The staff, as polished as the room’s wrought iron and leather, uses all the right catchwords. “Seasonal.” “All-natural. “Local.” “Niche sources.” And chef Joseph Rizza’s menu, stylized to look like a bill of fare from an olde-tyme saloon, hits familiar notes. But it hits them hard and true. Terrific fresh oysters span both coasts: briny Kusshi from British Columbia, minerally Naked Cowboy from Long Island Sound. Judging by dishes such as the thick-cut bacon with Michigan maple syrup and a bittersweet chocolate smear or a brûléed sweet potato side with Vietnamese cinnamon and housemade cajeta butter, the kitchen obviously knows how to please a crowd. Not sure about the wisdom of serving fried chicken as an appetizer, but I can’t help admiring the spirit—not to mention the juicy meat, abnormally thick and crunchy skin, and drizzle of maple syrup made with chili and bourbon. A pinch of salt would’ve made this downright heroic.
Rizza’s kitchen dry-ages the outstanding bone-in porterhouse for two on a salt rock and serves the 500-degree plate at an angle so the sizzling Wisconsin grassfed butter and juice pool at the bottom, the idea being that you’ll want to dip your steak. You will. It’s impeccably smooth beef with a great char and perfect ratio of fat, and it comes with a roasted garlic bulb and a bowl of seasoned salt, so every bite can be a little experiment. The boneless New York strip, the bone-in rib eye, a maple-glazed Duroc boar chop—they are all moist, tender, and uncomplicated. And pure pleasure. On one visit, the menu boasted that the Dover sole meunière had been “expertly fileted,” and it had indeed. (The menu neglected to mention the giant puddle of thick “sweetcream brown butter,” which turned the whole affair slick and unappealing.)
The staff pace the meal wonderfully and find time to crack a few jokes. “Just ignore the obnoxiously large pepper grinder,” a server says while seasoning rich and chunky white chowder with a mill the size of a Louisville Slugger.

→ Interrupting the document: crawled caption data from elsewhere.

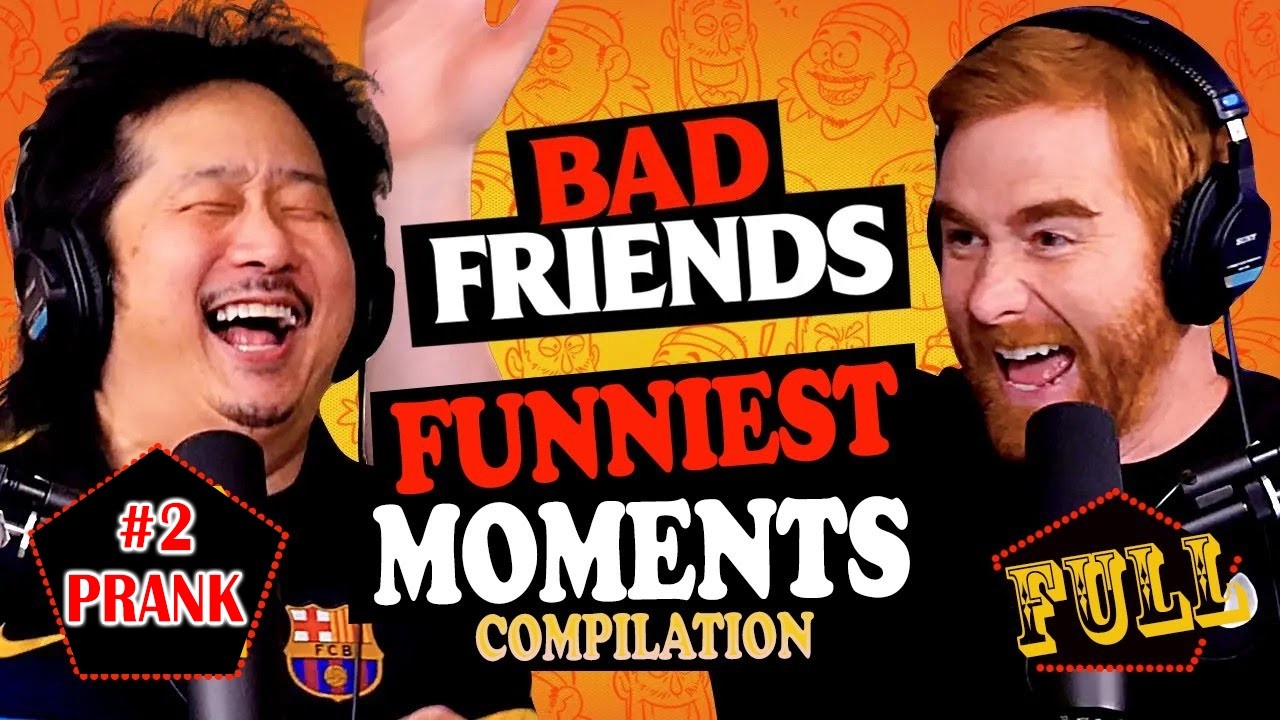 👉 Best of Bobby Lee's Stories  Bad Friends Funniest Moments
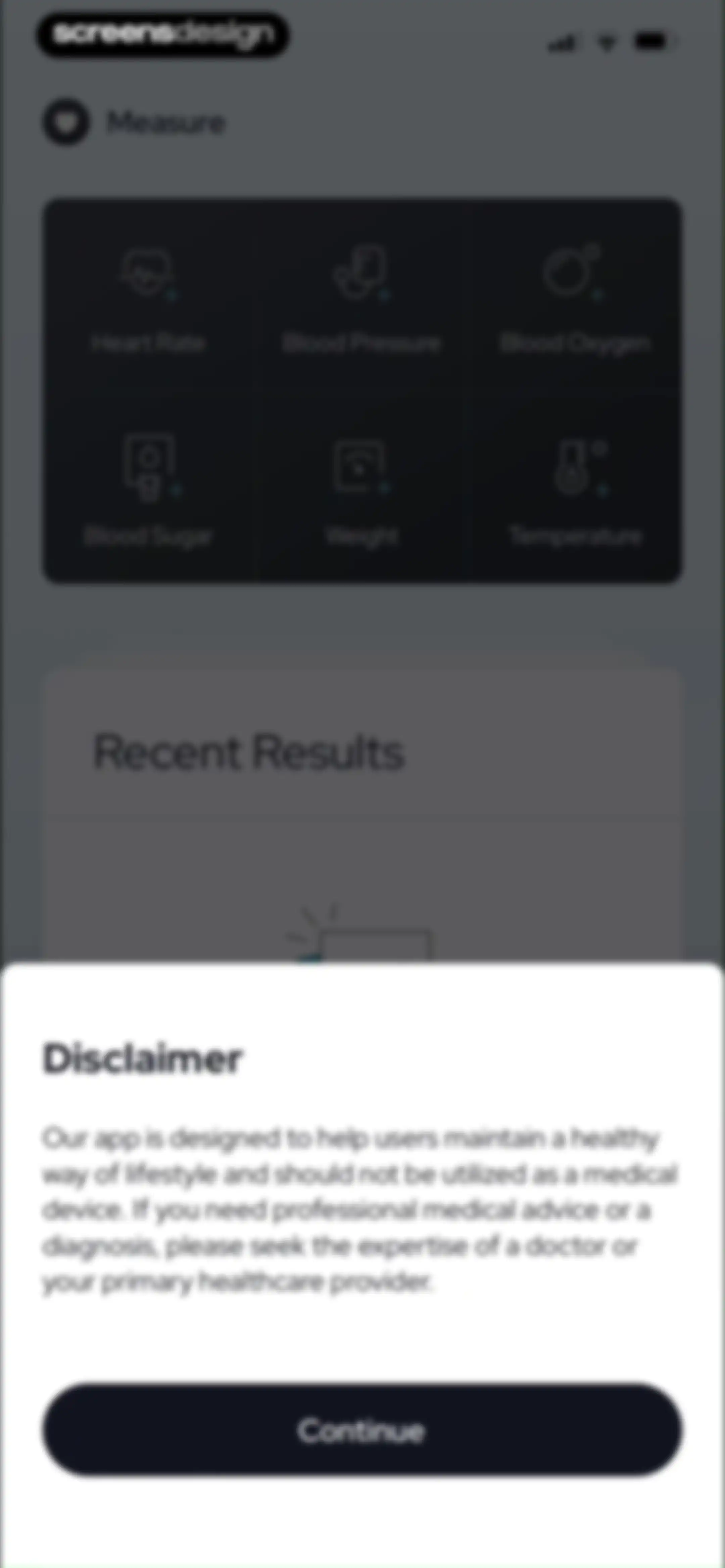 Health Planner & Tracker screen 13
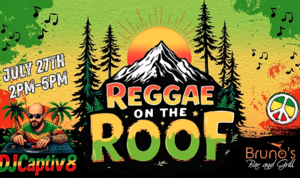 Reggae on the Roof with DJCaptiv8
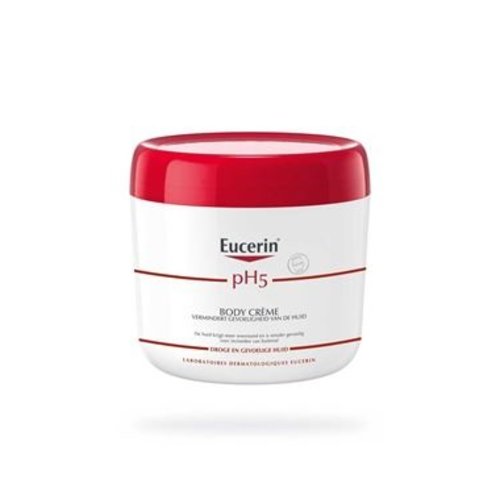 Eucerin pH5 Soft Body Crème vermindert gevoeligheid van de huid_450ml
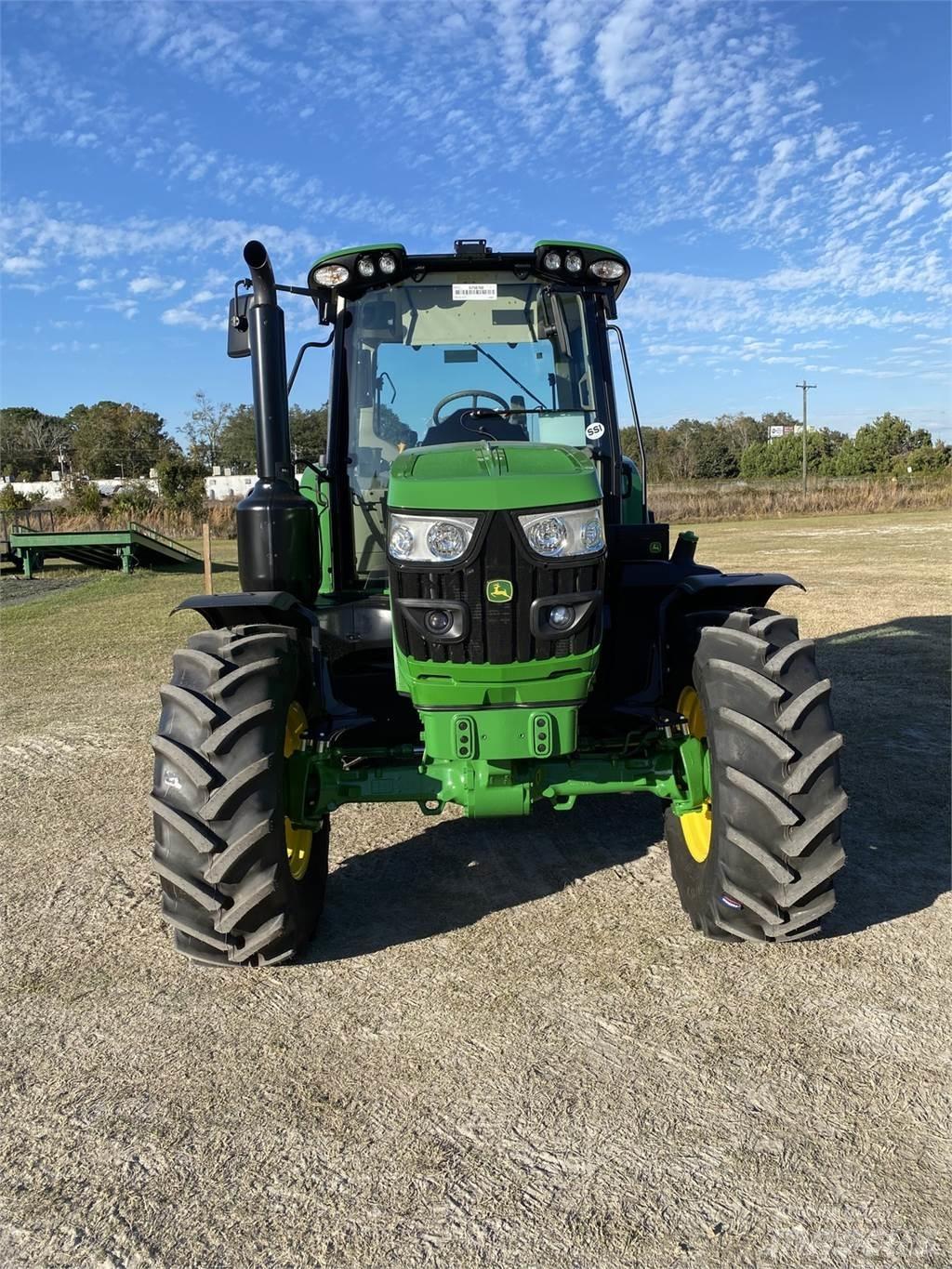 John Deere 6155M Traktorok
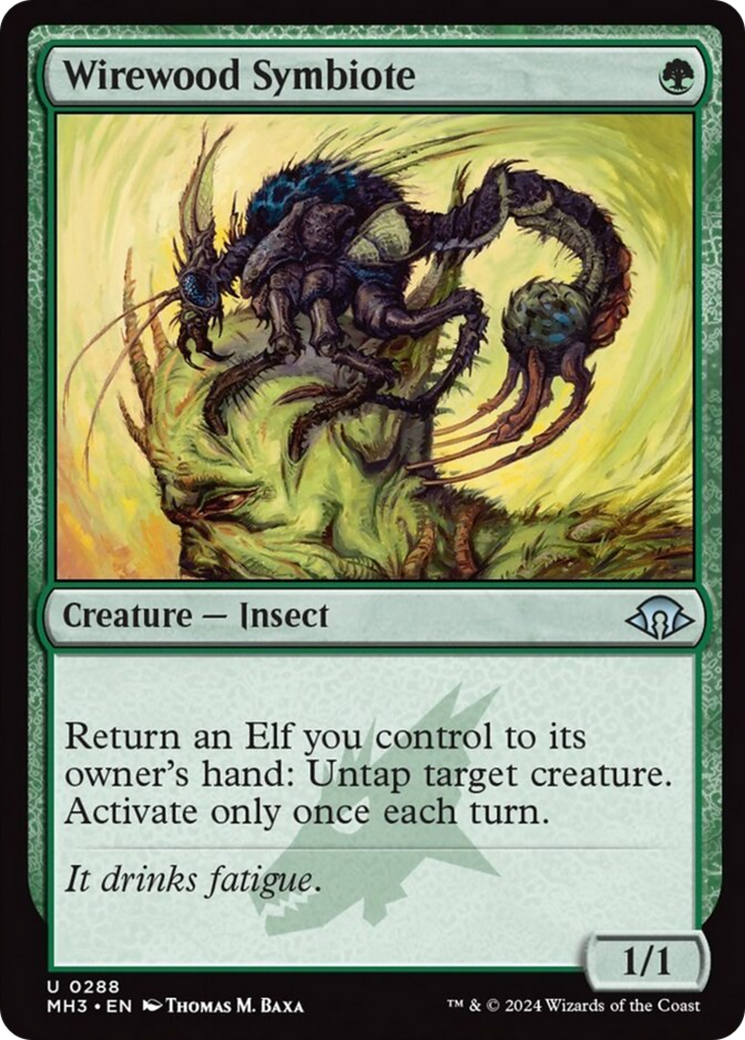 Wirewood Symbiote [Modern Horizons 3] | Devastation Store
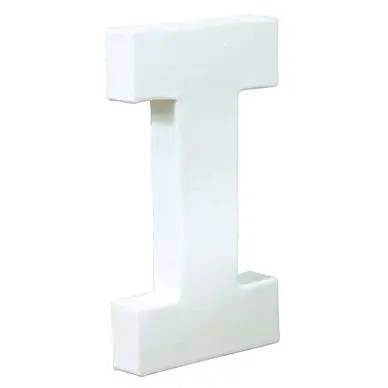 Top Vente Lettre en papier mâché 20.5cm I - Décopatch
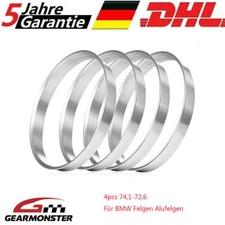 Zentrierringe aluminium zentri gebraucht kaufen  Langenlonsheim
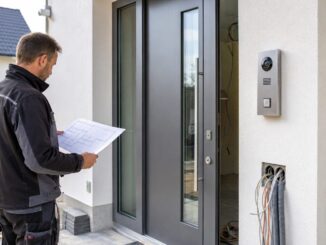 Türsprechanlage im Neubau planen: Welche Technik von Anfang an sinnvoll ist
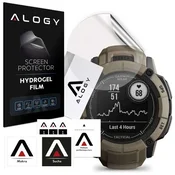 shumee Zaščitna folija iz hidrogela Alogy za taktično pametno uro Garmin Instinct 2X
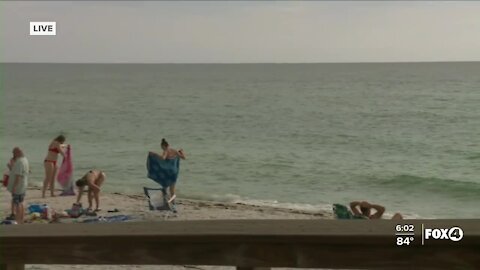 Boca Grande Beach issued with health alert as red tide spotted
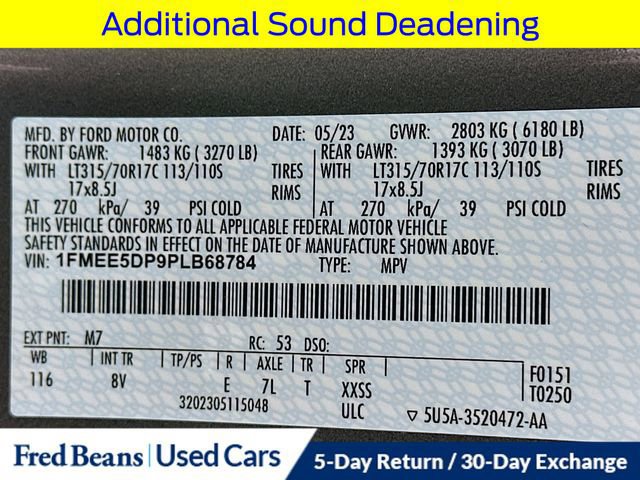 Certified 2023 Ford Bronco Badlands w/ Sasquatch Package image 37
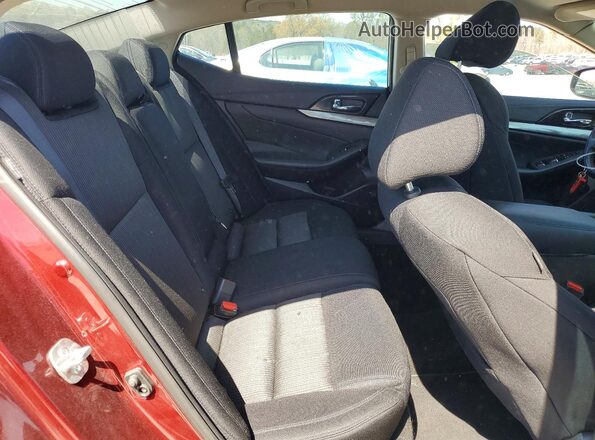 1N4AA6AV6KC373646 2019 NISSAN MAXIMA Burgundy Rear seats view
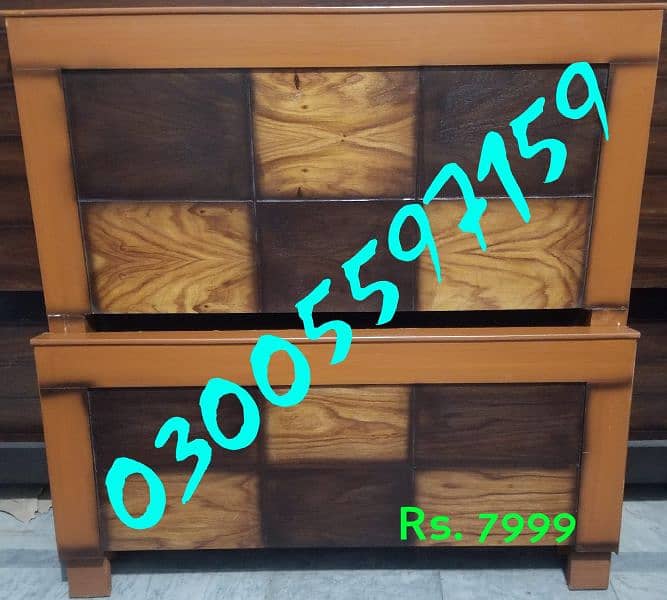 single bed doble set colr dressing table home hostel chair almari rack 15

He may push the tableside s’more, a thin chocolate orb atop scorched marshmallow fluff. The runner melts it with hot chocolate sauce to reveal a chocolate cake with marshmallow on a graham cracker crust. It’s more fun than satisfying; I’m a sucker instead for the chocolate and peanut butter pie topped with cocoa nibs.
Adam Sweders, the knowledgeable wine expert, must roll his eyes every time someone orders an old fashioned or a Hemingway daiquiri from among the retro cocktails instead of exploring the wine list. Plenty of affordable boutique treasures there, such as a 2013 Soléna Pinot Gris from Willamette Valley.
DineAmic Group has pulled off a sound addition to the steak scene in Chicago—no mean feat in a field crowded with more cows than a downstate pasture.